Desde antes da pandemia, Dutra desenvolvia, com os estudantes do ensino médio o projeto diretor de turma voltado para o desenvolvimento de habilidades ligadas às emoções. Segundo o professor, com a suspensão das aulas presenciais, a realidade dos alunos mudou muito. Até então, eles eram proibidos de mexer no celular dentro da sala de aula. Agora, precisam da ajuda da tecnologia para aprender. “O aluno precisa se engajar no processo de aprendizagem. E esse processo hoje está mudando”.
Para ensinar nesse novo contexto, Dutra diz que ele mesmo precisou se reinventar e para isso, contar com as habilidades socioemocionais. “O professor precisa hoje se apropriar da tecnologia que está a disposição. É fácil? Não. Tem algumas dificuldades, a verdade seja dita. A partir daí, tem que mostrar para o aluno que o professor está aberto a aprender a reaprender esses novos conceitos e novas práticas de aulas remotas. O professor estando engajado, o aluno vai entender e vai se engajando também. O professor tem uma força muito grande de engajar o aluno a partir da sua prática e da sua fala”, diz.
Atividades presenciais
Estados e municípios afirma que discutem formas seguras de retomar as aulas presenciais que, na maior parte dos locais, não tem data prevista. Tanto o Consed quanto a União Nacional dos Dirigentes Municipais de Educação (Undime) divulgaram documentos para orientar as redes de ensino a estipular regras para a retomada.
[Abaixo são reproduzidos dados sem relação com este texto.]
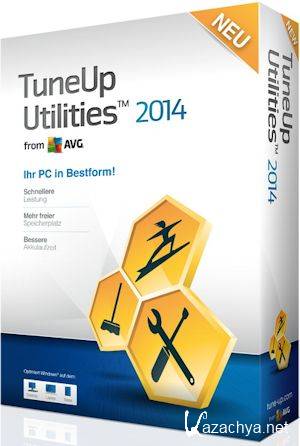 TuneUp Utilities 2014 14.0.1000.340 Final (2014) PC | RePack & Portable by D!akov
“Nós estamos com muita cautela porque todas as datas que a gente previu que voltaria não deram certo. Estamos discutindo não é quando voltaremos, mas o que faremos quando voltarmos, que tipo de cuidados teremos que ter, com os estudares, famílias. Como a gente vai fazer isso é motivo de debate o tempo todo”, diz Cecilia.
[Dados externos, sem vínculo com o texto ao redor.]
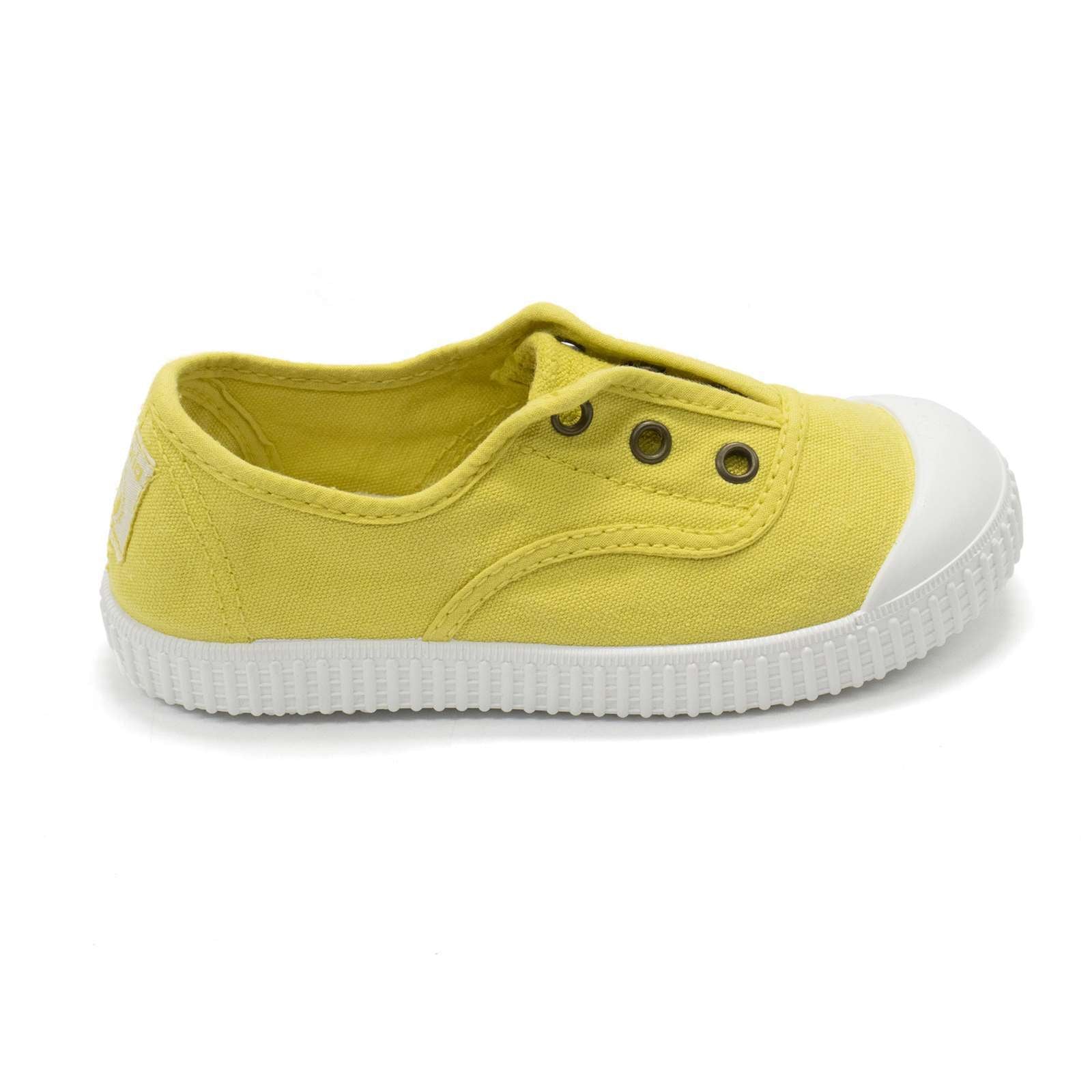 Victoria Girl 1915 Inglesa Slip-On Canvas Shoes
Nesta semana, o Conselho Nacional de Educação (CNE) aprovou um parecer com Orientações Educacionais para a Realização de Aulas e Atividades Pedagógicas Presenciais e Não Presenciais no contexto da Pandemia. De acordo com o parecer, a reabertura das escolas deve ser segura e consistente de acordo com as orientações das autoridades sanitárias locais e das diretrizes definidas pelos sistemas de ensino.
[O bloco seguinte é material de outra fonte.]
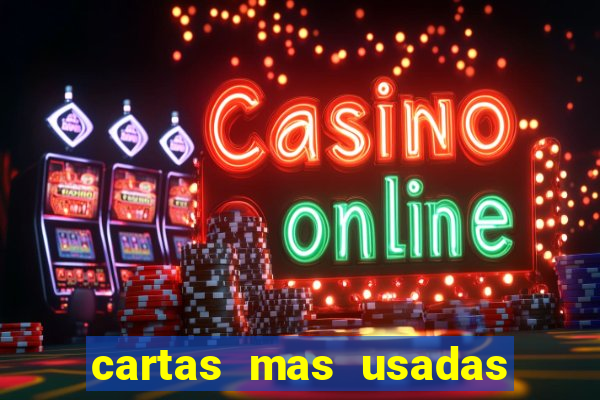 cartas mas usadas clash royale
O parecer orienta ainda que as redes capacitem os professores e funcionários, pois “é essencial a preparação socioemocional de todos os professores e funcionários que poderão enfrentar situações excepcionais na atenção aos alunos e respectivas famílias, como também a preparação da equipe para a administração logística da escola”, diz o documento.